Task goal: Pictures appear among the records below and must be omitted. Repeat exactly the lines from the line with "Galapagos sealions (Zalophus" to the line with "Spojte sa do", both included.

Dataset extract:
╭──

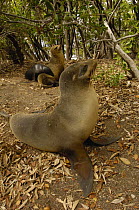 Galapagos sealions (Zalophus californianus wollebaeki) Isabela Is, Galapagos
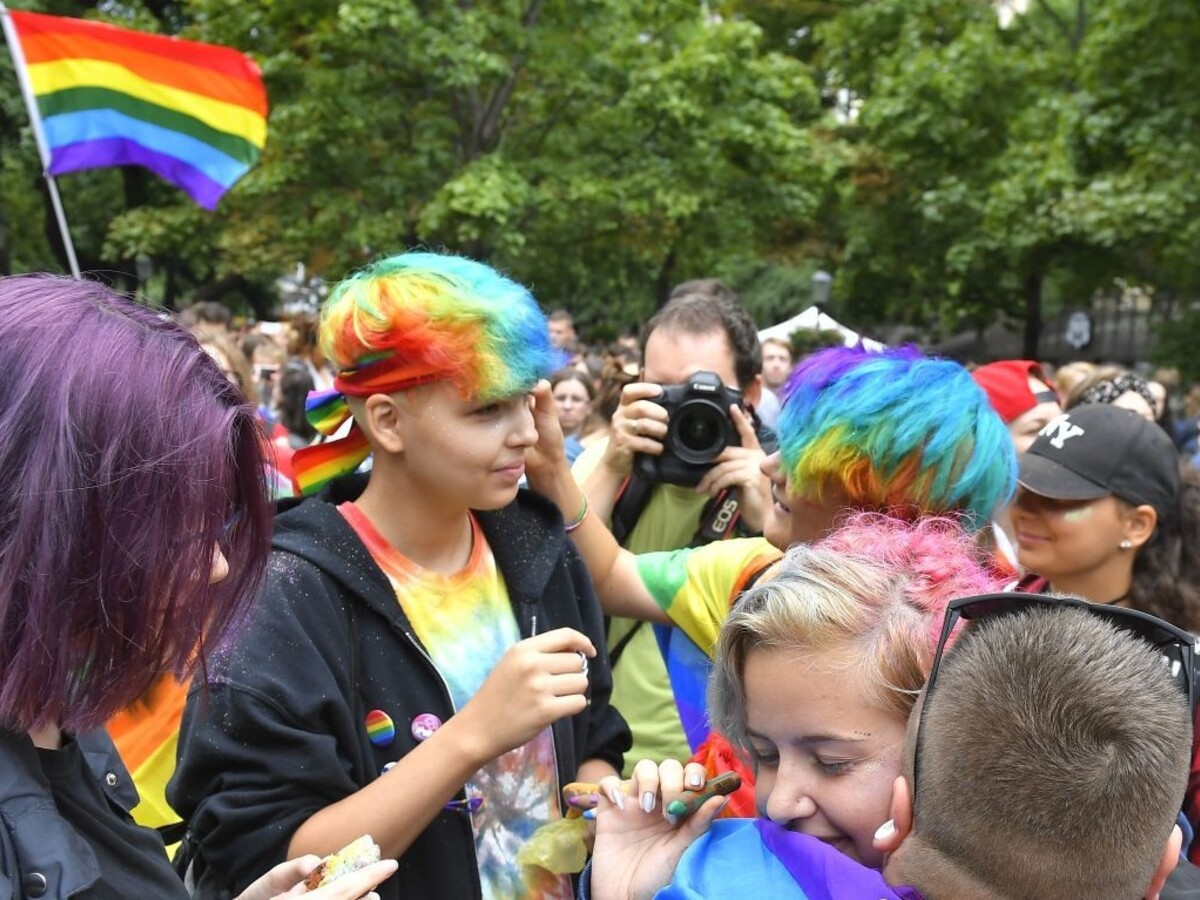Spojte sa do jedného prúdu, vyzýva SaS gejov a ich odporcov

╰──
╭──

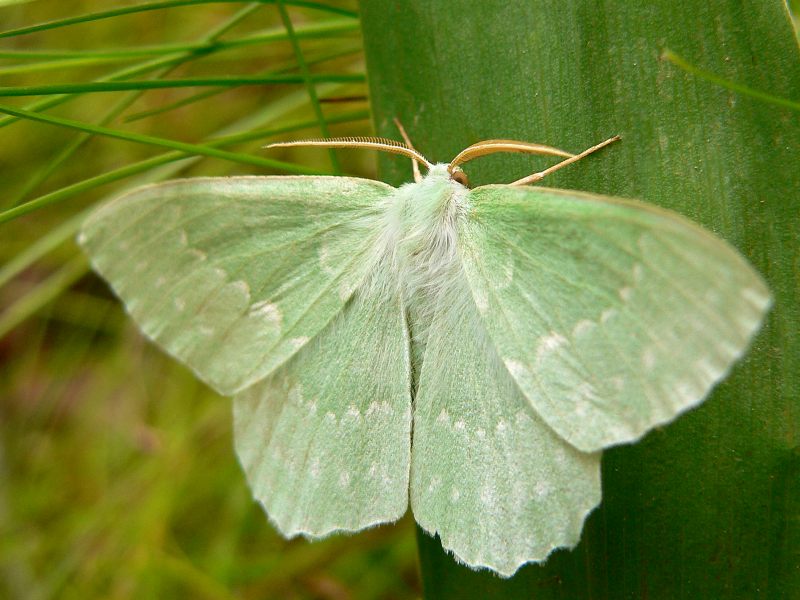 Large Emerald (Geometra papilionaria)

╰──

Task result:
 Galapagos sealions (Zalophus californianus wollebaeki) Isabela Is, Galapagos
Spojte sa do jedného prúdu, vyzýva SaS gejov a ich odporcov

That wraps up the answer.